I'm reading at the moment a Theorem about $\;W^{2,2}\;$ estimates and the following is an assumption that must hold in order for the Theorem to be valid:
Let $\;f:\mathbb R^{n-1} \to \mathbb R\;$ be a $\;\mathcal C^2\;$ function such that if $\;U \subset \mathbb R^n\;$ then $\;f\;$ decribes $\;\partial U\;$ in a neighborhood of $\;x_0 \in \partial U\;$: $x_n=f(x_1,\dots,x_{n-1})\;$. ASSUMPTION: $$\;\frac{{\partial}^2 f(x_0)}{\partial x_i \partial x_j}=0\;\forall i\neq j\;$$
However, our professor stated that this assumption is not really necessary since through a rotation of the co-ordinate system we can always deduce the above.
So, as I understand it, if $\;(x_1, \dots, x_{n-1})\;$ are the initial coordinates and $\;O\;$ stands for a rotation such that $\;O O^T=O^T O=I\;$ the new coordinates are given by: $\;y=Ox\;$ and $\;f(x)=\hat f(Ox)\;$.
Then after computation: $$\;\frac{{\partial}^2 f}{\partial x_i \partial x_j}=(O_{jm})^T\frac{{\partial}^2 \hat f}{\partial y_σ \partial y_m} O_{σi}\;, \text{ i.e. } \;{{\partial}^2}_x f=O^T {{\partial}^2}_y \hat f O\;(*)\;$$
Still I can't see why the above assumption could be ommited.
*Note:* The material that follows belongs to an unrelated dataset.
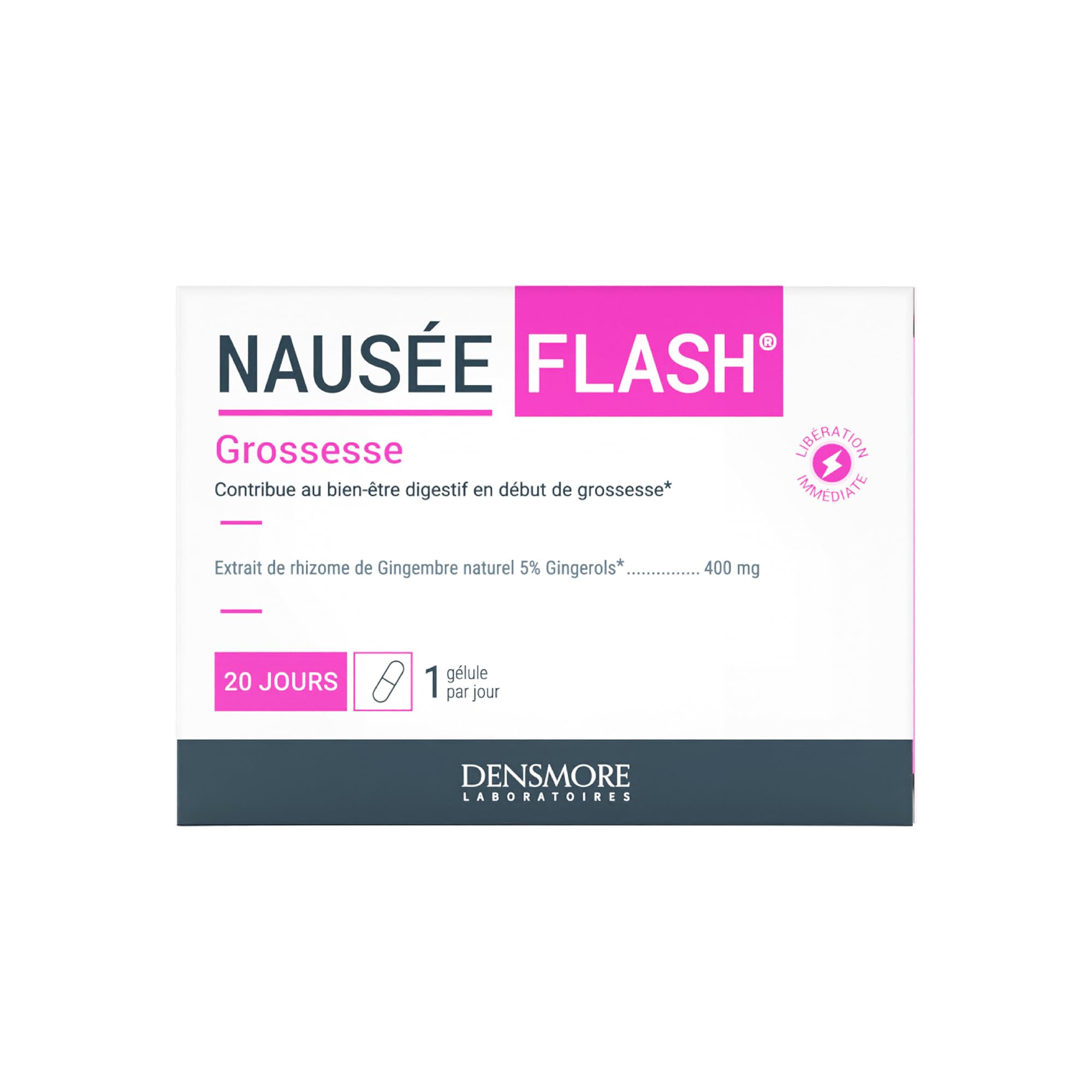 Nauséflash 30 tabs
Why is $\;(*)\;$ enough in order to deduce the given assumption?
I'm having a really hard time getting my head around it so any help would be valuable. Thanks in advance!
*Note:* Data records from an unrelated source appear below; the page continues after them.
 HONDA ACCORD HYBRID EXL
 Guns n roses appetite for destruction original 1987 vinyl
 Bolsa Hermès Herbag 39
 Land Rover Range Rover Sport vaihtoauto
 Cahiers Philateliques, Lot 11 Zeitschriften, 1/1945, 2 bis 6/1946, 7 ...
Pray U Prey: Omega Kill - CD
Since $f\in C^2$, the matrix $$\tag{Hessian} D^2f(x_0)=\left[ \frac{\partial f}{\partial x_i \partial x_j}(x_0)\right]_{1\le i, j\le n}$$ is symmetric, and so there exists an orthogonal matrix $O\in \mathbb R^{n\times n}$ such that $O\, D^2f(x_0)\, O^T$ is diagonal.
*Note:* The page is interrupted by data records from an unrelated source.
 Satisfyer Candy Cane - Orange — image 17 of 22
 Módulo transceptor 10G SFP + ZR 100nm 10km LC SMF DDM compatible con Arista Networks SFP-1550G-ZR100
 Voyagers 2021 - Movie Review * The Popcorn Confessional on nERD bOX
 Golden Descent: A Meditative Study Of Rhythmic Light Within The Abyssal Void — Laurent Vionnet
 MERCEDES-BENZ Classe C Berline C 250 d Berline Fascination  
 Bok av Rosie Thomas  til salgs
Define a new coordinate system by $$\tag{1} O\mathbf y= \mathbf x,$$ and set $g(y):=f(x)$, where, of course, $x$ and $y$ are related by (1). (That is, $g(y):=f(Oy)$). Using the chain rule, check that $$D^2g(y_0)=O\, D^2 f(x_0)\, O^T.$$ Conclude that the Hessian matrix of $g$ is diagonal at $y_0=O^Tx_0$.